■ **WHAT IS BEING ASKED**: Go through the data below and transcribe it exactly. Omit the images.

═══ INPUT ═══

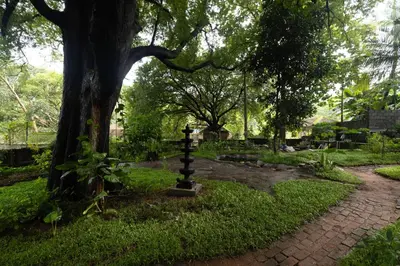 a pole in the grass next to a tree at The Oneness Living- Seasonal Heritage stay with Tholpaavakoothu nights in Pazhayannūr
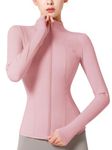 SHEKINI Womens Sports Jacket Fitness Workout Breathable Activewear Full Zip Front Yoga Tops with Thumb Holes Pink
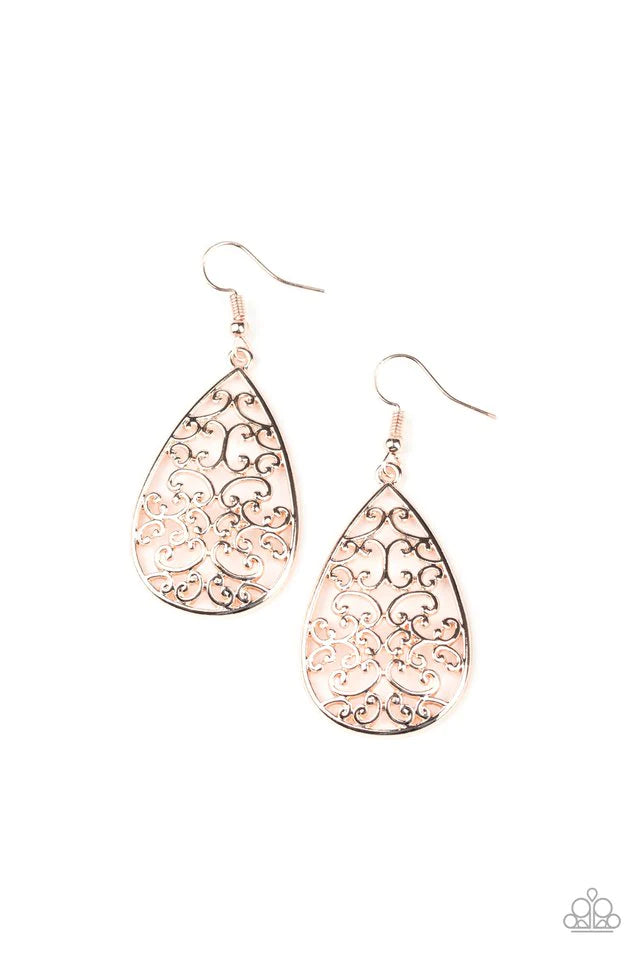 Paparazzi Earring ~ Divine Vine - Rose Gold
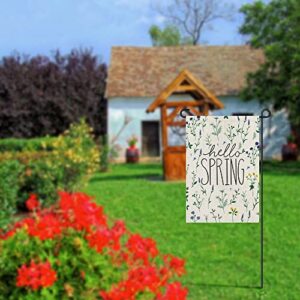 Hello Spring Tulip Lavender Garden Flag 12 x 18 Inch Double Sided Burlap, Seasonal Flower Yard Outdoor Decoration DF243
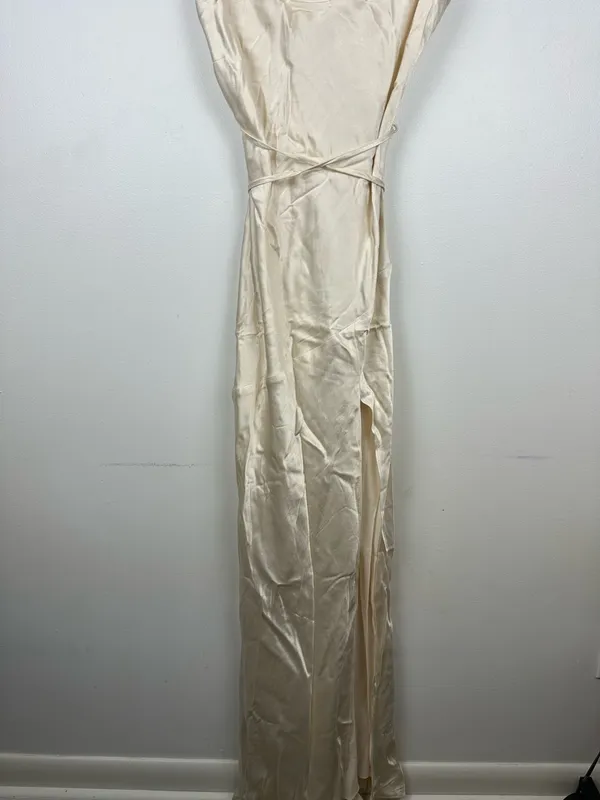 Shona Joy La Lune‎ Bias Cowl Cream Satin Maxi Dress Women’s 8 NWT - Image 3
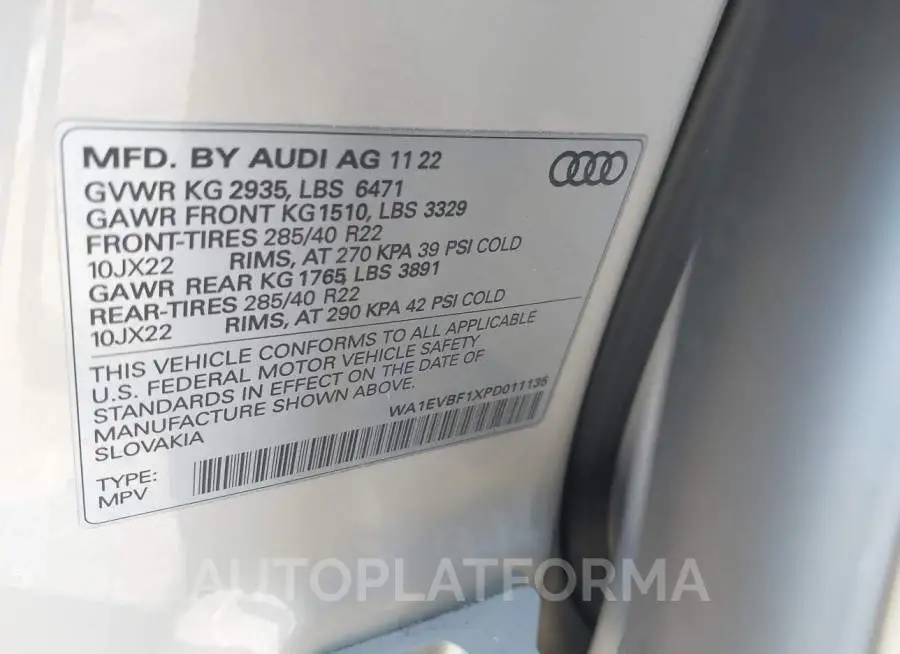 AUDI Q8 2023 vin WA1EVBF1XPD011135 from auto auction Iaai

═══

■ **TASK RESPONSE**:
 a pole in the grass next to a tree at The Oneness Living- Seasonal Heritage stay with Tholpaavakoothu nights in Pazhayannūr
 SHEKINI Womens Sports Jacket Fitness Workout Breathable Activewear Full Zip Front Yoga Tops with Thumb Holes Pink
 Paparazzi Earring ~ Divine Vine - Rose Gold
 Hello Spring Tulip Lavender Garden Flag 12 x 18 Inch Double Sided Burlap, Seasonal Flower Yard Outdoor Decoration DF243
 Shona Joy La Lune‎ Bias Cowl Cream Satin Maxi Dress Women’s 8 NWT - Image 3
 AUDI Q8 2023 vin WA1EVBF1XPD011135 from auto auction Iaai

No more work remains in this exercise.